Many often say that Marquez is a machine – he can save front-end slides like no other, he rides the wheels off his Honda and gets the maximum out of it, he rides on wet tracks with slicks and beats everyone black-and-blue, and he wins races when he shouldn’t. Things he does are sometimes not humanly possible. And with so many things going around, it’s hard not to be his fan.
Even as a journo, I find it hard to resist from shouting and cheering when Marquez does the extraordinary stuff. In fact, that is exactly what I did when I saw Marquez clinch victory and his eighth title in the very final corner of the Chang Circuit right in front of my eyes. I watched history being made in my first ever MotoGP race. And while I don’t consider myself a fan of one particular rider, I must say that we’re very, very lucky to see a rider of Marquez’s calibre in action.
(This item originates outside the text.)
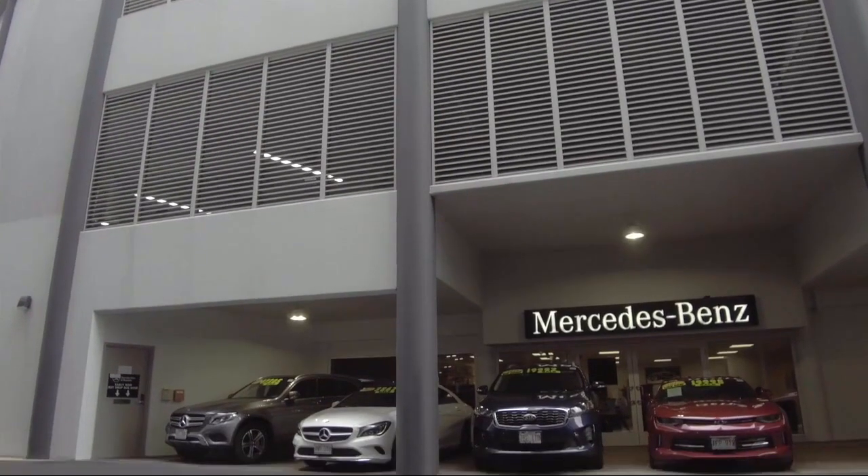So come visit us here at Mercedes-Benz of Honolulu. You'll be glad you did. We are located at 818 Kapiolani Boulevard.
I’ve never seen someone ride a motorcycle like him ever before. In fact, I’d go as far as to say that we’re witnessing the ‘Senna’ moment of MotoGP right now. We’re probably witnessing the greatest motorcycle racer of all time in Marquez!
After stalking him for the entire race, Marquez clinched the championship in style with a final corner win from Quartararo.
Marquez’s ‘bad days’ this year were when he lost final corner races by a hair’s breadth to Dovizioso (Qatar & Austria) and Alex Rins (Great Britain).